- _REQUIRED ACTION_: Return the material below exactly, but only from the line with "Shuttle Hard | Badminton Motivation Saying" through the line with "CSGO深度分析：揭秘WE战队在游戏转换中的策略与挑战", and without its pictures.
(Beginning of MATERIAL SUPPLIED)
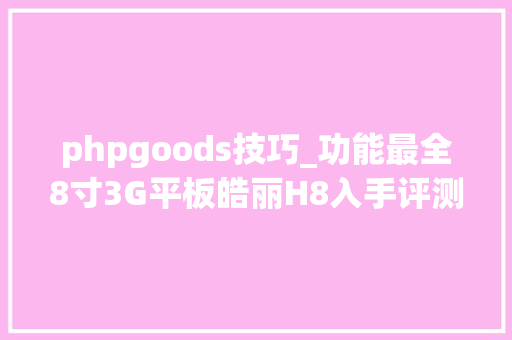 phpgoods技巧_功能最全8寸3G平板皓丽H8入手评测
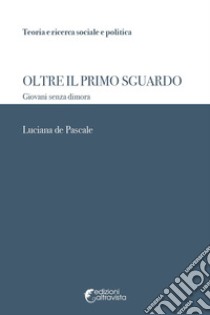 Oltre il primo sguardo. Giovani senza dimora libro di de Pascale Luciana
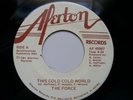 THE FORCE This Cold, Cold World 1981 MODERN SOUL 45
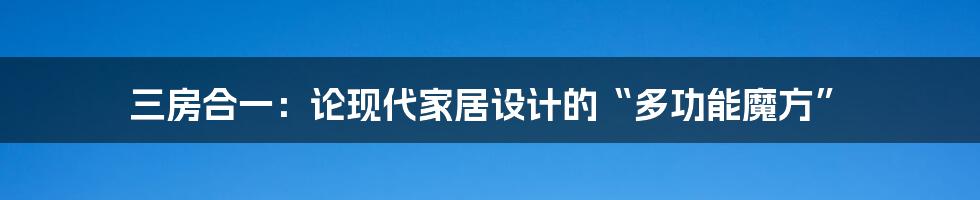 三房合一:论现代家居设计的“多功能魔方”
(End of MATERIAL SUPPLIED)
(Beginning of MATERIAL SUPPLIED)
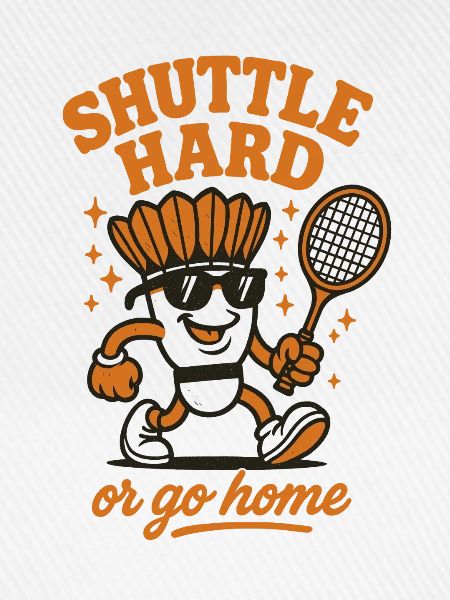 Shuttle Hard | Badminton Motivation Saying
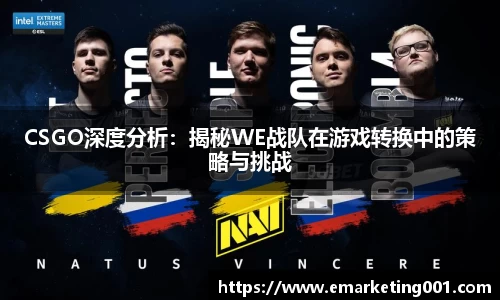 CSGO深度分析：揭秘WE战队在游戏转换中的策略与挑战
(End of MATERIAL SUPPLIED)
(Beginning of MATERIAL SUPPLIED)
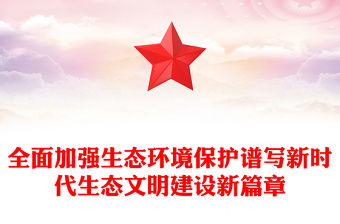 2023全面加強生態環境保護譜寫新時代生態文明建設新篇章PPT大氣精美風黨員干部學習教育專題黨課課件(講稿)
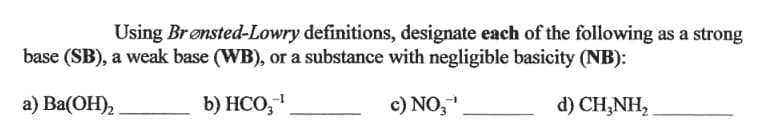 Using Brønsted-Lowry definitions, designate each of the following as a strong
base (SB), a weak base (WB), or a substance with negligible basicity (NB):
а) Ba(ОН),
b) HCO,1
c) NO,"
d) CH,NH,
(End of MATERIAL SUPPLIED)
- _RESULT FOR THIS TASK_:
 Shuttle Hard | Badminton Motivation Saying
 CSGO深度分析：揭秘WE战队在游戏转换中的策略与挑战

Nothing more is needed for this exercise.